**Exercise aim**
Reproduce exactly the lines from the top of the records below through the line holding "Cover Life Writing".

**Records drawn from a dataset**
---

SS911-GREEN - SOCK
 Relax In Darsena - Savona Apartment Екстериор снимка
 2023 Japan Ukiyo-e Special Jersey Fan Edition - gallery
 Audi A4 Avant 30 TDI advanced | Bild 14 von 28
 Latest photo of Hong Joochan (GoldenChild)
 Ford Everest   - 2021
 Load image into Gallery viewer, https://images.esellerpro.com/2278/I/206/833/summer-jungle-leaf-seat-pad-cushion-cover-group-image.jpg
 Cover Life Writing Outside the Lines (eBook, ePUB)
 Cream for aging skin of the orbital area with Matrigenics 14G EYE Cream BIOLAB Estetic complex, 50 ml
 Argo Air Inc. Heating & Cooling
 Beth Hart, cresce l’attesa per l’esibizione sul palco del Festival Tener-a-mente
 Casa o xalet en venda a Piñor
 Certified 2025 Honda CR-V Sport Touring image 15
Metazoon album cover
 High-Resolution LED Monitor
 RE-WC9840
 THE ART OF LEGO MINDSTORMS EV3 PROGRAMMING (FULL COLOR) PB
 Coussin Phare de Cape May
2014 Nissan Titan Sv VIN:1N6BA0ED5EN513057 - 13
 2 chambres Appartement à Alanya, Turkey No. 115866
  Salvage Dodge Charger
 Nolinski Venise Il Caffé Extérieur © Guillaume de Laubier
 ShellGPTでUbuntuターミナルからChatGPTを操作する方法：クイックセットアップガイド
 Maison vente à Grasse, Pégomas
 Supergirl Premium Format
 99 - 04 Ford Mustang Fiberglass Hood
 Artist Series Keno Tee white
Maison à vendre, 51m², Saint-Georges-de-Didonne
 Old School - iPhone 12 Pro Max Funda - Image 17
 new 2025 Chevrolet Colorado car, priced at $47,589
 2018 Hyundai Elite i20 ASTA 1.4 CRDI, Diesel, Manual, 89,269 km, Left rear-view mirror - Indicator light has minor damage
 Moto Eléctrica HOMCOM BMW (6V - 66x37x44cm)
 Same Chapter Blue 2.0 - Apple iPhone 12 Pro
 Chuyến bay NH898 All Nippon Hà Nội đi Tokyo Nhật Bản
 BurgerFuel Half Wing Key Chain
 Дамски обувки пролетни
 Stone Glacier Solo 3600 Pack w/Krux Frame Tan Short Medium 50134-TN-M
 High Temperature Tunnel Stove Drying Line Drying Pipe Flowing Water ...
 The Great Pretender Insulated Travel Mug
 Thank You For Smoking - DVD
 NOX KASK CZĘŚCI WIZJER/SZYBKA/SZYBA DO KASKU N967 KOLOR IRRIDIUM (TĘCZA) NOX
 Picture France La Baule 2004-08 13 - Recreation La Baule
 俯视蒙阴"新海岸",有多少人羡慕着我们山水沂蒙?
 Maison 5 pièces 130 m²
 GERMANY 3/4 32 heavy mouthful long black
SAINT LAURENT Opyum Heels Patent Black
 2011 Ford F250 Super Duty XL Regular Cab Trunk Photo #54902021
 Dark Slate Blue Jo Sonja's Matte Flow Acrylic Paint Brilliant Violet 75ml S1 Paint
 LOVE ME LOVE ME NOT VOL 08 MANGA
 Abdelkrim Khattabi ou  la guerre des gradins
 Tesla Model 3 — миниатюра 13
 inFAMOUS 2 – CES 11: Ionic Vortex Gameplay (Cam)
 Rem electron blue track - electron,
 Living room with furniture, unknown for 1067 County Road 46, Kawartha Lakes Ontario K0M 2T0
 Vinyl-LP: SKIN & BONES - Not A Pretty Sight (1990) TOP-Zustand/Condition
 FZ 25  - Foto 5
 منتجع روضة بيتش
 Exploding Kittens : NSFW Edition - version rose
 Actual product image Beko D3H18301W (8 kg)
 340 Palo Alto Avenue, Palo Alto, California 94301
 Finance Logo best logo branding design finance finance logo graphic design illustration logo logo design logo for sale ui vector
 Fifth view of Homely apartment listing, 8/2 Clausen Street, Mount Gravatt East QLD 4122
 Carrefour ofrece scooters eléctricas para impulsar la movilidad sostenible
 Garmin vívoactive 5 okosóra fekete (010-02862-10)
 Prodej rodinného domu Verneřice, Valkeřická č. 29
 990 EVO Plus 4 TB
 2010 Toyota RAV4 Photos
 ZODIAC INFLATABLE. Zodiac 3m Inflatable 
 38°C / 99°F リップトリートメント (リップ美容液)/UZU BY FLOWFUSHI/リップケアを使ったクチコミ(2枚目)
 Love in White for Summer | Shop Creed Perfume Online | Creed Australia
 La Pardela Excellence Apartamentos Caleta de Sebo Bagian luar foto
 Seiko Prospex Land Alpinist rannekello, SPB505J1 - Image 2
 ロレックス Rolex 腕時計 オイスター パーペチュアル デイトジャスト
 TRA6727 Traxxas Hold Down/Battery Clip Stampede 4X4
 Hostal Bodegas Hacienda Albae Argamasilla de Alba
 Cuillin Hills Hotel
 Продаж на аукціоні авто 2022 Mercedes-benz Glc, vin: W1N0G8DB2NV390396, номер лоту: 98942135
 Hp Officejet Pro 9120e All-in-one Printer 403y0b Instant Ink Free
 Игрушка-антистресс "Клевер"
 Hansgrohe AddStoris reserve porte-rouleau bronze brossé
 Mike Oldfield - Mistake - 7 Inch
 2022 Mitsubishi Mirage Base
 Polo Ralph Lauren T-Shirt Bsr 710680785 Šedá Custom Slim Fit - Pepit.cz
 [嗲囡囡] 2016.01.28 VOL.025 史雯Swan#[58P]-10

---

**Solution for this exercise**
SS911-GREEN - SOCK
 Relax In Darsena - Savona Apartment Екстериор снимка
 2023 Japan Ukiyo-e Special Jersey Fan Edition - gallery
 Audi A4 Avant 30 TDI advanced | Bild 14 von 28
 Latest photo of Hong Joochan (GoldenChild)
 Ford Everest   - 2021
 Load image into Gallery viewer, https://images.esellerpro.com/2278/I/206/833/summer-jungle-leaf-seat-pad-cushion-cover-group-image.jpg
 Cover Life Writing Outside the Lines (eBook, ePUB)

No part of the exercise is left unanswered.